No one who’s actually been to this area in the last month could honestly claim it was swarming with violence. I’ve been with the Brits here for more than two weeks, during which time there have been only a few trivial attacks that could easily have been the work of an angry farmer with extra time on his hands and a mortar in his backyard. As to serious attacks on British forces, in the last eight weeks, there have been exactly zero. So, any stories that make it sound like Basra is in chaos are shamefully false.
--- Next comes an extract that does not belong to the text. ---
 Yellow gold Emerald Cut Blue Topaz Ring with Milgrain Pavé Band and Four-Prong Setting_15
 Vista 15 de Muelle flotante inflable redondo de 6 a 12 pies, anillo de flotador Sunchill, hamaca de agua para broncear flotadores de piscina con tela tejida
In addition to being sick and tired of the media lying about what's going on in Iraq, Michael Yon is ready to put his money where his mouth is. In an effort to curb the MSM's misreporting, he is going to offer his dispatches to the National Newspaper Association for free. Now I know a lot of people don't think that's such a big deal, but it is. He, like Michael Totten, Bill Roggio, and a host of other embeds, do this on their own dime. Typically they'd charge the papers to pick up their dispatches. Michael Yon has decided it's far more important to get the truth out -- especially with regard to Basra.

A few people might have missed Charlie Gibson's snafu last week when he signed off the evening news with a report out of Iraq. It went something like this: (I can't remember the exact quote, and I can't find the video clip anywhere on the 'Net, but this did happen because I heard a radio host play it last week.)
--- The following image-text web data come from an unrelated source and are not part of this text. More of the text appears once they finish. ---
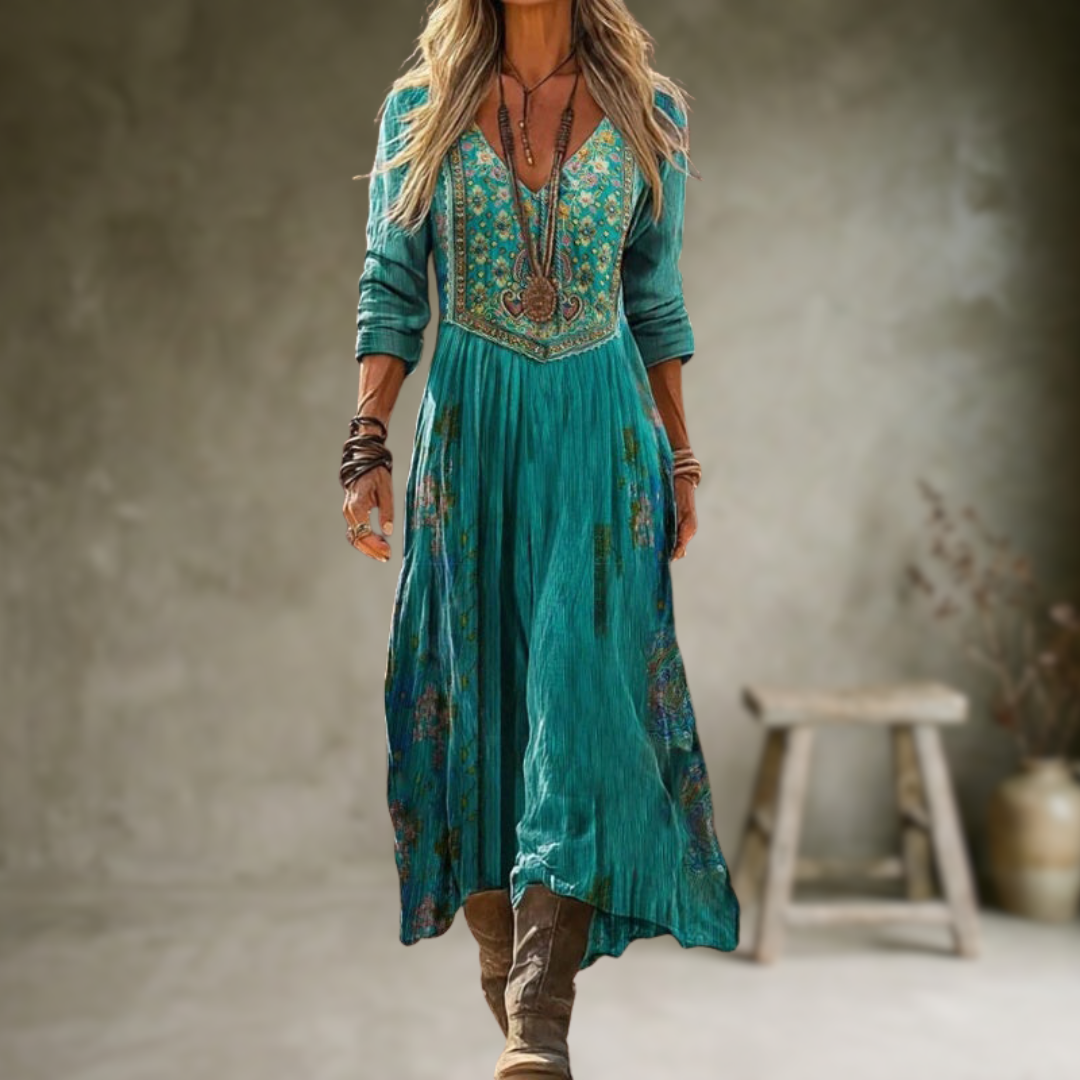 Lymira - Geblümtes Soft-Touch-Midikleid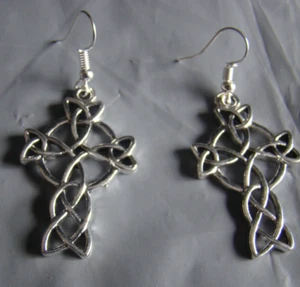 celtic cross earings on silver hooks "Sale" - Picture 1 of 2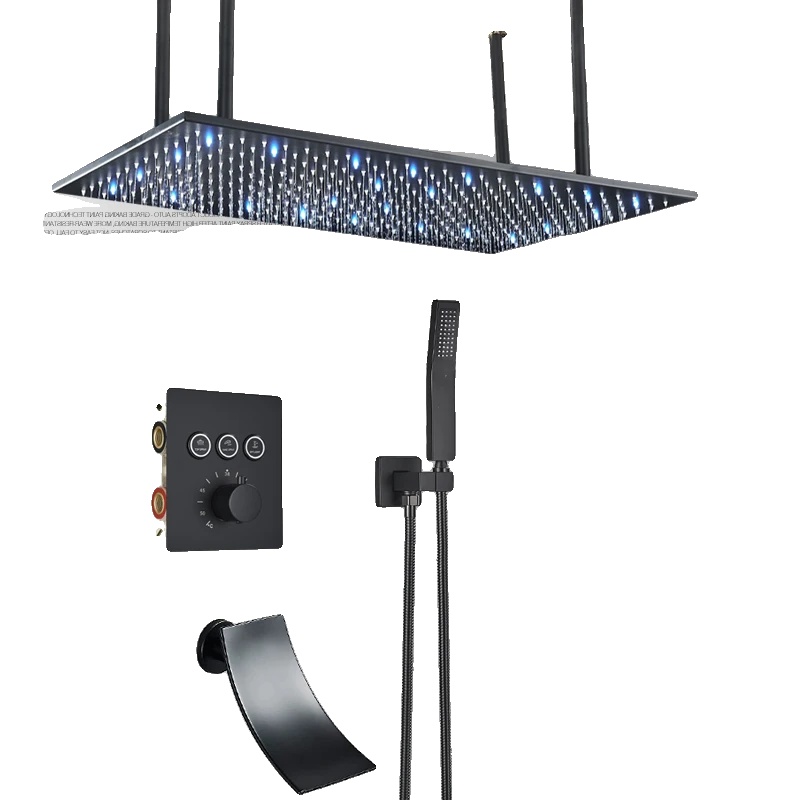 Duscharmatur, Thermostatische Steuerung, Zeitgemäßes Design, Schwarz 3-wege C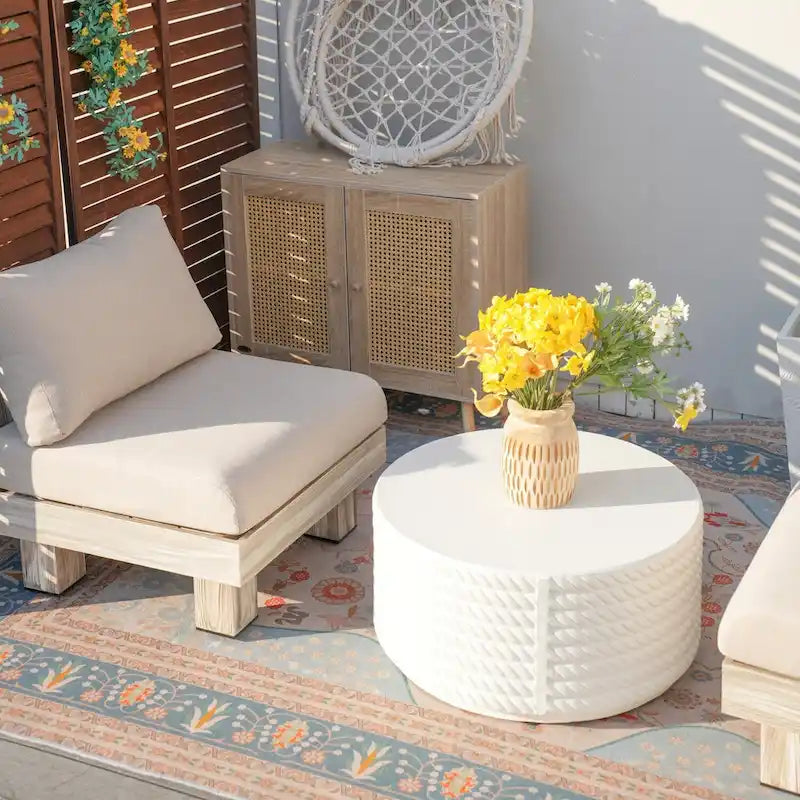 Ensemble de canapé d'extérieur 3 pièces en aluminium avec coussins rembourrés en éponge et table basse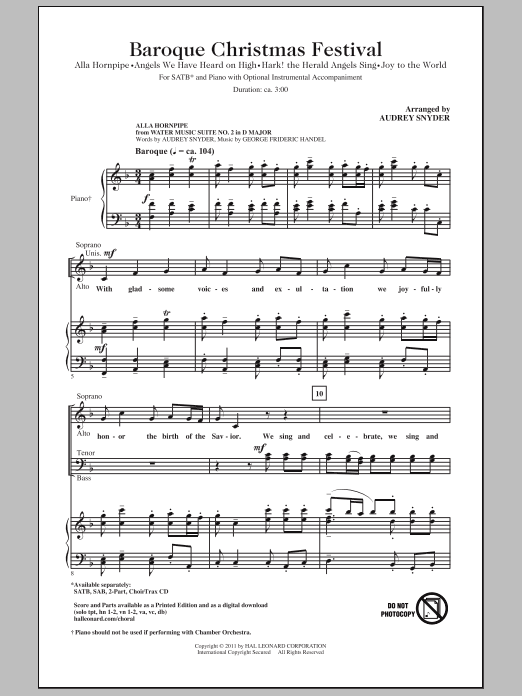 Audrey Snyder Baroque Christmas Festival (Medley) sheet music notes and chords arranged for SATB Choir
And the news out of Iraq is that there isn't any. No reports of violence, bombings or shootings today. I repeat, there is no news out of Iraq today.

Let me translate the above. Nothing bad happened today, so there's nothing to report. If it bleeds, it leads is a news outlet's motto. They don't want to report the good news. That's not sexy enough for them. They want to see dead or maimed soldiers or civilians.

and that, folks, is truly disgusting. One would think that with the turnaround in the last six months the MSM would be reporting on that, but we saw that getting them to report on the Surge's successes was like yanking teeth on a crocodile. Not only did they not want to report on it, but more than a couple outlets tried to deny it; some even stated it was "smoke and mirrors" perpetuated by the White House. (I've heard of living in denial before, but this is ridiculous.)

So, we give kudos to Michael Yon for not only reporting on the non-violence of Basra, but also for taking a stand on the MSM that is over in Iraq, resting on their laurels in the Green Zone. See, that's where the majority of these fools sit -- safe behind the protection of the US military -- instead of doing what Yon and his associates do, which is go out to get the stories. And if his idea about giving his reports to the media outlets works, great. (Though I'm fairly pessimistic about the MSM accepting such reporting; we know from experience that they're far from balanced and fair.)

Indie embeds don't do this sort of reporting on the cheap. It takes a great deal of money to keep the stories coming. Yon would normally charge a fee to the outlets, but he's not doing that anymore. So we encourage readers to head on over to his site, and scroll to the bottom of this page. We have, and we will again, because he is among the few that are actually telling the truth about this war.

For people like Michael Yon, it's not all about "if it bleeds it leads." It's about the war -- both good and bad -- and making sure the people here in America get the truth and the facts of what's really going on on the ground.